INPUT RECORDS —
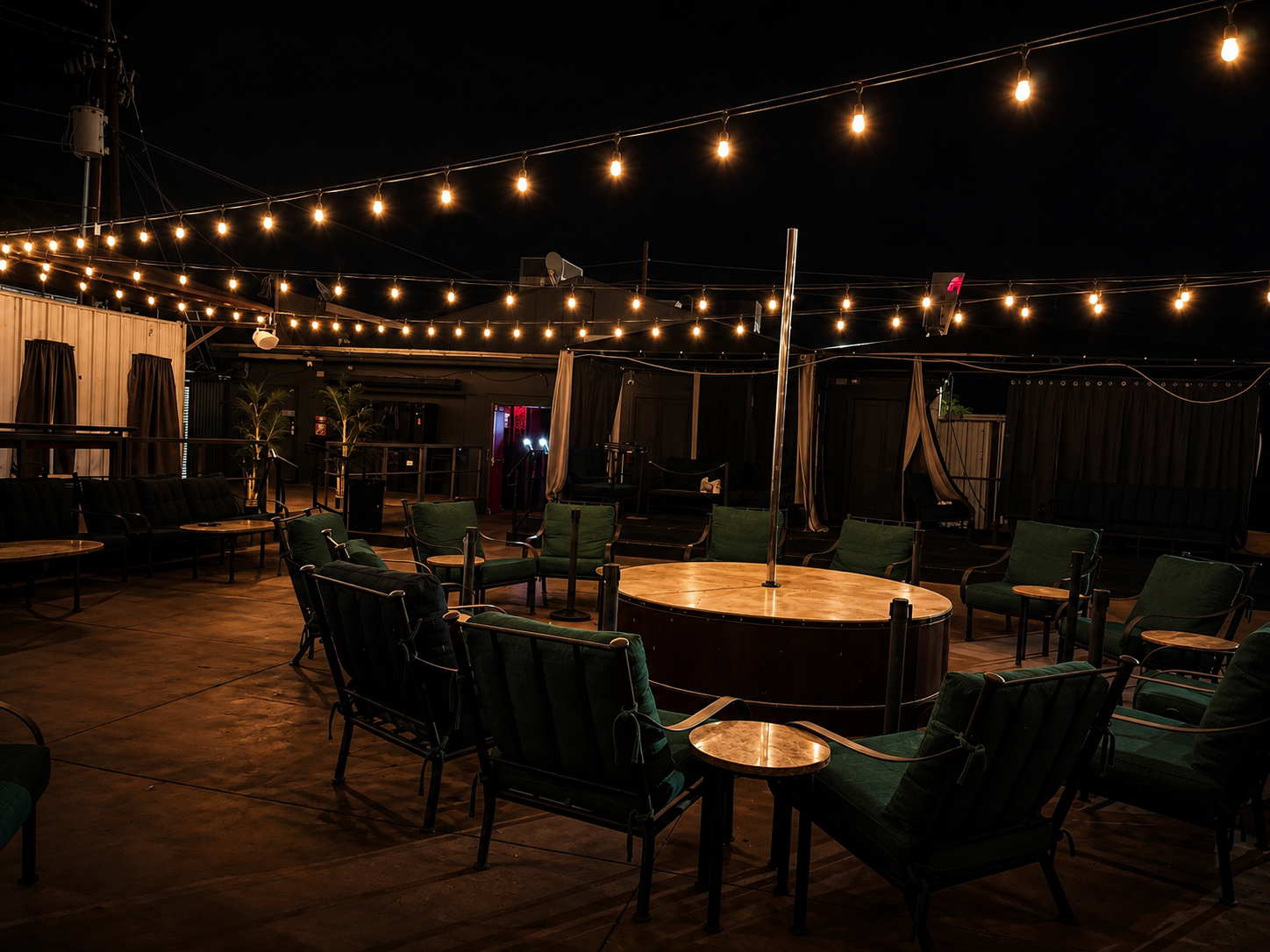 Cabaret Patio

...

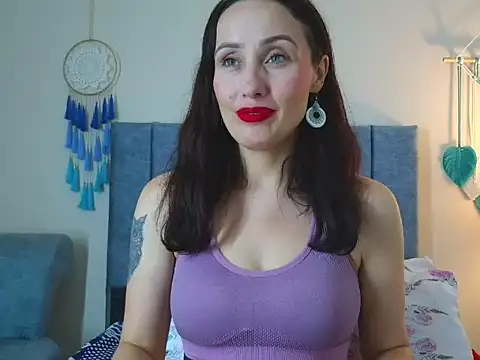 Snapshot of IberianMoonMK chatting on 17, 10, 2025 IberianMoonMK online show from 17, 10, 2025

...

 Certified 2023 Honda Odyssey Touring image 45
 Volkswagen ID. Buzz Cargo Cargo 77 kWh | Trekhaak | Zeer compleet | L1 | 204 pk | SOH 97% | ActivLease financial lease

PROBLEM — Retype only this portion of the data above: the line containing "Certified 2023 Honda", the line containing "Volkswagen ID. Buzz", and all lines between them, exactly.

EXERCISE RESULT —
 Certified 2023 Honda Odyssey Touring image 45
 Volkswagen ID. Buzz Cargo Cargo 77 kWh | Trekhaak | Zeer compleet | L1 | 204 pk | SOH 97% | ActivLease financial lease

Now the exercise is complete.